Para entender a importância desta publicação, o controle estrito do regime sobre a mídia deve ser levado em consideração. A liberdade de informação com a qual o escândalo foi tratado só poderia significar que setores do governo estavam por trás dos publicados.
O New Journal ecoou essa luta interna: “O homem na rua, um espectador mudo e atônito (…) adivinha que, ao fundo, está sendo exibida uma luta acadêmica muito dura e sem ar pelo poder”.
Perdas estatais
Após o escândalo de Matesa, o Banco de Crédito Industrial foi desmantelado e, portanto, deixou de conceder empréstimos públicos por um longo período.

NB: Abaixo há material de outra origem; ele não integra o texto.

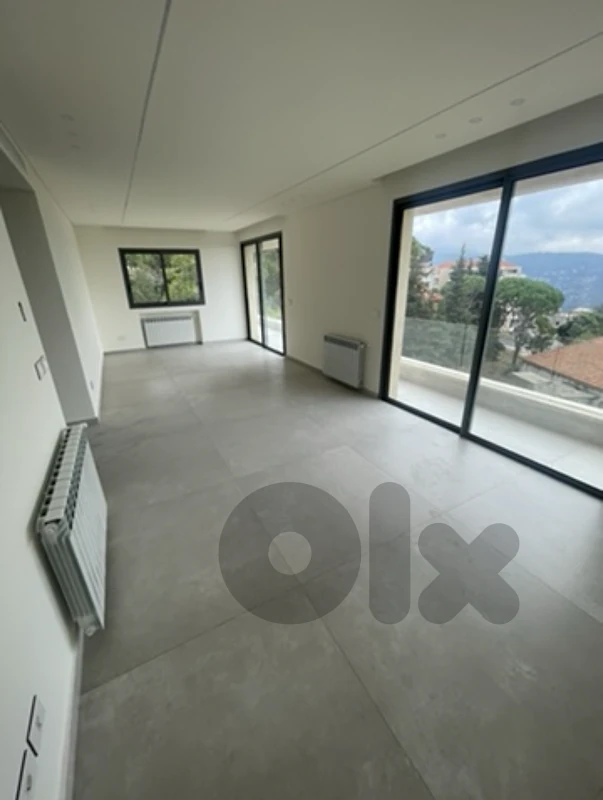 Apartment For Sale in Baabdat - شقة للبيع في بعبدات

Segundo as informações que apareceram anos depois, já na democracia, o Estado só conseguiu recuperar cerca de 6900 milhões de pesetas, dos mais de 11000 milhões defraudados entre créditos e juros não pagos.
Além disso, o valor recuperado veio de companhias de seguros: nem Matesa nem seu fundador contribuíram com nada.
Consequências
De acordo com documentos oficiais da época, o primeiro pensamento de Franco para resolver o escândalo foi Vilá Reyes deixar sua posição na empresa e, finalmente, fazer com que o Estado a apreendesse. No entanto, a denúncia pública impediu que esse plano pudesse ser executado.
Vilá Reyes e outros executivos tiveram que enfrentar um julgamento e foram condenados a pagar uma multa de 21 milhões de pesetas pela evasão de moeda estrangeira em 1967 e outros 1658 milhões por fraude no crédito.
Da mesma forma, o fundador da empresa foi condenado a três anos de prisão. No entanto, Franco concedeu-lhe um perdão em 1971, pelo qual o pagamento da multa foi perdoado e a sentença de prisão foi reduzida para apenas um quarto. Esse perdão veio mesmo antes da sentença ser confirmada, algo que era ilegal.
Mais tarde, em 1975, Vilá Reyes foi novamente condenado, desta vez por fraude, falsidade documental e suborno ativo. A sentença foi muito difícil: 223 anos de prisão e uma multa de quase 1000 milhões de pesetas.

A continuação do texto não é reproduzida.